[Stored items]
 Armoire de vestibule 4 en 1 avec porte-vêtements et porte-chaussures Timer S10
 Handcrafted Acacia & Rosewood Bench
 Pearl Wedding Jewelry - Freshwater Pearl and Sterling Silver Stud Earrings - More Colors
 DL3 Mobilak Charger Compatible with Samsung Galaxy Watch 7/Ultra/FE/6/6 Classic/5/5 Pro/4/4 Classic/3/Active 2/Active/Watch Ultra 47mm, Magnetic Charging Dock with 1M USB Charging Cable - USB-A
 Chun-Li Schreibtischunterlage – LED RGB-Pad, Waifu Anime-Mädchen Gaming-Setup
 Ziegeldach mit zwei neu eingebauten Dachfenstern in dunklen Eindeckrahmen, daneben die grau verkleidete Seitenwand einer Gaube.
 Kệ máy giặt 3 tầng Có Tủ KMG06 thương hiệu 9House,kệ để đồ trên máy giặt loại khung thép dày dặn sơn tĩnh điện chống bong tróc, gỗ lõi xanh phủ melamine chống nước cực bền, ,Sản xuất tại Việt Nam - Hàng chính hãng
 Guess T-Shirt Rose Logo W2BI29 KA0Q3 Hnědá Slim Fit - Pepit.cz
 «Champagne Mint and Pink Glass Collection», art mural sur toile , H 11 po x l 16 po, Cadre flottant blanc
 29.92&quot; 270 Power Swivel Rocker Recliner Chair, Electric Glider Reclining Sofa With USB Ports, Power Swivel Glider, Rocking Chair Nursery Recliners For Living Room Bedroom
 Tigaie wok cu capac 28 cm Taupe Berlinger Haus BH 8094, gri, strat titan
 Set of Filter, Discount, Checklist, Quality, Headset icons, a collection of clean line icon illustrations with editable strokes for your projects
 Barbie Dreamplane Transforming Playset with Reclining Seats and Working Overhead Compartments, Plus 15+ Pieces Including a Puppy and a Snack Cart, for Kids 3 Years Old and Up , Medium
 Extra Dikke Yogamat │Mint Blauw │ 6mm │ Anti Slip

▸ Work instruction
Search the records for the string "Reclining" and return every line in which it occurs.

▸ Answer to this problem
 29.92&quot; 270 Power Swivel Rocker Recliner Chair, Electric Glider Reclining Sofa With USB Ports, Power Swivel Glider, Rocking Chair Nursery Recliners For Living Room Bedroom
 Barbie Dreamplane Transforming Playset with Reclining Seats and Working Overhead Compartments, Plus 15+ Pieces Including a Puppy and a Snack Cart, for Kids 3 Years Old and Up , Medium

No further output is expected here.